Enrico Morabito, il professore picchiato sotto casa sua a Casavatore, è tornato a parlare dell’episodio di violenza che lo ha visto protagonista definendo anche i ragazzi vittime di un sistema sbagliato.
Stando al suo racconto, il docente è stato pestato a sangue sotto casa da un gruppo di uomini tra i 40 ed i 50 anni, probabilmente perché la mattina aveva sgridato una classe che stava facendo chiasso disturbando anche gli altri alunni dell’istituto.
“Io come tanti altri sono un docente precario, in quella scuola ho fatto una supplenza di 7 giorni. Nell’ultimo giorno la classe aveva cominciato a dar di matto, ho messo una nota di classe ma loro continuavano a fare i fatti loro. A quel punto li ho richiamati ancor più aspramente dicendo che la scuola poteva decidere di sospenderli, abbassare i voti, separarli dai loro compagni” – ha raccontato rivolgendosi all’Ansa.
“Il pomeriggio citofonano mia mamma dicendo di essere miei amici. Io, convinto di trovare i miei studenti, mi ritrovo cinque balordi. A quel punto inizia il pestaggio. Per non farmi fuggire mi mantengono le mani, la gamba, mi prendono a calci e pugni. Uno di loro mi prende per i capelli e mi sbatte con la testa contro il vetro del palazzo che si sporca di sangue e poi vanno via dicendomi di non tornare più a scuola e di non denunciare i carabinieri”.
Un gesto da condannare ma che vede come vittime anche gli stessi ragazzi: “Non sappiamo se si tratta d i genitori o mandanti ma io non voglio neanche generalizzare. In quella classe ci sono tanti bravi ragazzi ma anche nella stessa scuola. Il preside è molto addolorato per quanto ho accaduto”.
“E’ un episodio che ci parla di generazioni che non hanno più il rispetto delle regole, delle persone, non amano più, sono incattiviti e arrabbiati. Parlo non solo di ragazzini ma anche di genitori che non sanno più educare alle regole ai propri figli.

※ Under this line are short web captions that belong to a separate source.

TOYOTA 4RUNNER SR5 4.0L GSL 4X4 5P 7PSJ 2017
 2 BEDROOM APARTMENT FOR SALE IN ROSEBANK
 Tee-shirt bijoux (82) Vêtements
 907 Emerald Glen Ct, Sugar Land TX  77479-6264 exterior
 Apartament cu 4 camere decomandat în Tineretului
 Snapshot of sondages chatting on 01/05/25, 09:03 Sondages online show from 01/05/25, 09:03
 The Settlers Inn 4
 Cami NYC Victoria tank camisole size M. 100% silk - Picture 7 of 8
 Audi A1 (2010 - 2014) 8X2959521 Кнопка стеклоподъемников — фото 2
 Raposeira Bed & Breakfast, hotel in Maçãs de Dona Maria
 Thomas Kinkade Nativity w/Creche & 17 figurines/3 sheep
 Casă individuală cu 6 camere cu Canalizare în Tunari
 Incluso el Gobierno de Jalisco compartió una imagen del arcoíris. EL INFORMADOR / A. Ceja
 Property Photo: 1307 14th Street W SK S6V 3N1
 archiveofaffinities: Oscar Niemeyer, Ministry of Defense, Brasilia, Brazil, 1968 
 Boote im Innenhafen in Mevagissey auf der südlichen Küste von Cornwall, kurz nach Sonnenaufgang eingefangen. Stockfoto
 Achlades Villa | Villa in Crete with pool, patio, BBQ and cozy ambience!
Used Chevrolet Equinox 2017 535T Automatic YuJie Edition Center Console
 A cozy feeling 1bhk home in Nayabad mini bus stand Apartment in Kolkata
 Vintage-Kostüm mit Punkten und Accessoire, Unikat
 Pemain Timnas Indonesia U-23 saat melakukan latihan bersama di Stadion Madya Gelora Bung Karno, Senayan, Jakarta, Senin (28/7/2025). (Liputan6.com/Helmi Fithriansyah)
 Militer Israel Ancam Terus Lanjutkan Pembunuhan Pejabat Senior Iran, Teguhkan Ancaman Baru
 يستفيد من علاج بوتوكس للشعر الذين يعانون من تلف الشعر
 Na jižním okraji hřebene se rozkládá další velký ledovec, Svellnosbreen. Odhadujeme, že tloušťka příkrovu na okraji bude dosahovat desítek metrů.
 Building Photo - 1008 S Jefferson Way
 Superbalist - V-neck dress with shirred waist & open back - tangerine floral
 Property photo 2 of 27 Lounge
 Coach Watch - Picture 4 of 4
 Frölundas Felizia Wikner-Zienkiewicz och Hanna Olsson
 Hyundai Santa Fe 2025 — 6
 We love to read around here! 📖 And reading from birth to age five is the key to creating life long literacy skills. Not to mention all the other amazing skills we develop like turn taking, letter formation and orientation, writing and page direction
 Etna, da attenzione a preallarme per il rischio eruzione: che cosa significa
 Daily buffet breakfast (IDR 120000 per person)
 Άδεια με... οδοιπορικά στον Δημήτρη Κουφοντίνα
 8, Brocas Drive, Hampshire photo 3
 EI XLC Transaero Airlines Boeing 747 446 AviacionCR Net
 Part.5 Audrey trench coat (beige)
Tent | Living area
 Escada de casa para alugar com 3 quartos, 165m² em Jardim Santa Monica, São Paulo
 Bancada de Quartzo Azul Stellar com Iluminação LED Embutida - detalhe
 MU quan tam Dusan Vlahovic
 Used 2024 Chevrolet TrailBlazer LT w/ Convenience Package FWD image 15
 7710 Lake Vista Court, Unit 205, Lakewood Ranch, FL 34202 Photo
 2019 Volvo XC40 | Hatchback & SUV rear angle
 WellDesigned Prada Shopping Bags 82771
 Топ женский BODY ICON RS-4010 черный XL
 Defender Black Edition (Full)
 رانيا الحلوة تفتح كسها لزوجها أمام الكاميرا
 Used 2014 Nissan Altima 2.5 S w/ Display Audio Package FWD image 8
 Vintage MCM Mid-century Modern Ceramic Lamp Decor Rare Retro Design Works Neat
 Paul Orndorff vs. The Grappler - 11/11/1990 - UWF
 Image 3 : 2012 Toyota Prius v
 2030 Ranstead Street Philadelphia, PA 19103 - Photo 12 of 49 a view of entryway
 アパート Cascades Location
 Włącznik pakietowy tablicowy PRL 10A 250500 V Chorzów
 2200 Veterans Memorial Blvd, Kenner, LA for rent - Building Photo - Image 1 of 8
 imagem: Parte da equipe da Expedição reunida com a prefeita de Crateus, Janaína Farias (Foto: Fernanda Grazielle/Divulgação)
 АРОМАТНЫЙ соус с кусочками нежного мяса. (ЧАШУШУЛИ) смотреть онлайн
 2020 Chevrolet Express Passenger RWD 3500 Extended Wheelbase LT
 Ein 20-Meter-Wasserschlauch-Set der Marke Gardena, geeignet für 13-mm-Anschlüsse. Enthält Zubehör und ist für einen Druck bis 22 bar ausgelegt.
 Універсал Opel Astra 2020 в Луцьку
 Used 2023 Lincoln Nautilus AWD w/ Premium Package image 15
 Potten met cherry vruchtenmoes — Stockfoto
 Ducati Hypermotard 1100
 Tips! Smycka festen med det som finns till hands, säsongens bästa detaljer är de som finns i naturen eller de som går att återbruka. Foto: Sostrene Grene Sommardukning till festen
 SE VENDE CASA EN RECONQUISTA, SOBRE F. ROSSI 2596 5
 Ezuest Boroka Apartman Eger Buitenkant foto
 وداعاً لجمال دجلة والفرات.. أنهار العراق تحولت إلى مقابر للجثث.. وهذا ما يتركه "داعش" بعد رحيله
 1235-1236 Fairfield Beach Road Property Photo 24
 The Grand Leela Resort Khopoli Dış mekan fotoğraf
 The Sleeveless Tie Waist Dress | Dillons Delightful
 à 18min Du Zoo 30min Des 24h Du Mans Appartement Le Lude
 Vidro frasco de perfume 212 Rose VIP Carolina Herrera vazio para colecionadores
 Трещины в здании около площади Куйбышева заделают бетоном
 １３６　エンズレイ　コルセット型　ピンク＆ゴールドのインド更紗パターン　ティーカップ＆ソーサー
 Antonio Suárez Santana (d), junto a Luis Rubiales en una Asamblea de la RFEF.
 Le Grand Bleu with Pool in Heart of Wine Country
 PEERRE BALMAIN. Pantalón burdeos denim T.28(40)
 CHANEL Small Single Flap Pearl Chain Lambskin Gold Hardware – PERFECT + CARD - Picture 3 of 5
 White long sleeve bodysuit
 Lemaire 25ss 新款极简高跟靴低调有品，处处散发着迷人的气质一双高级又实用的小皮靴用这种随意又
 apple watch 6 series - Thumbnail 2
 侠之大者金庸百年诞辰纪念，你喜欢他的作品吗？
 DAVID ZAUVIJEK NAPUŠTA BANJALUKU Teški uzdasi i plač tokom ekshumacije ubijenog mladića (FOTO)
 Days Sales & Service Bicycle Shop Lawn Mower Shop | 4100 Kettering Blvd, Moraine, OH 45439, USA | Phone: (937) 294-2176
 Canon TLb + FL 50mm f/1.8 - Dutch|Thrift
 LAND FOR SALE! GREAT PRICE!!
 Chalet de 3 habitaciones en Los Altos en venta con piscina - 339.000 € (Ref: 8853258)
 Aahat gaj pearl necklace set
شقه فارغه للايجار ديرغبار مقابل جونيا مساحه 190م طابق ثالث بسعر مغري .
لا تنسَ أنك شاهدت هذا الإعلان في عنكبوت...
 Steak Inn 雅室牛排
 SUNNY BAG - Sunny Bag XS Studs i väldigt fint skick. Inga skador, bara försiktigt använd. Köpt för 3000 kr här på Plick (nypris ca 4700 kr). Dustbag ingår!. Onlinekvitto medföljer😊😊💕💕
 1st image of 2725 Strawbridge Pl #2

“Le vittime siamo in due: io e i ragazzi. Io che ho subito l’aggressione e loro ai quali viene mostrata una società falsata, basata non sull’amore e sul rispetto delle regole ma sull’odio. Ci tornerei in quella classe per guardare in faccia anche i figli dei miei aggressori e dirgli che non ho nulla contro di loro, li ho anche perdonati, li voglio sempre bene ma questo non è il modo di agire”.
“Ho la voglia e la forza di voler andare avanti. Ho ricevuto tanta solidarietà da parte di ex alunni ed ex presidi di scuole dove ho lavorato, dei genitori dell’accademia di cinema di Casalnuovo dove insegno. Sono venuti anche a casa. Sto ricevendo messaggi di solidarietà a livello nazionale. Mi stanno raccontando che questi episodi stanno succedendo in tutte le scuole, non ultimo a Torino. C’è un problema molto grosso a livello nazionale non locale” – ha concluso.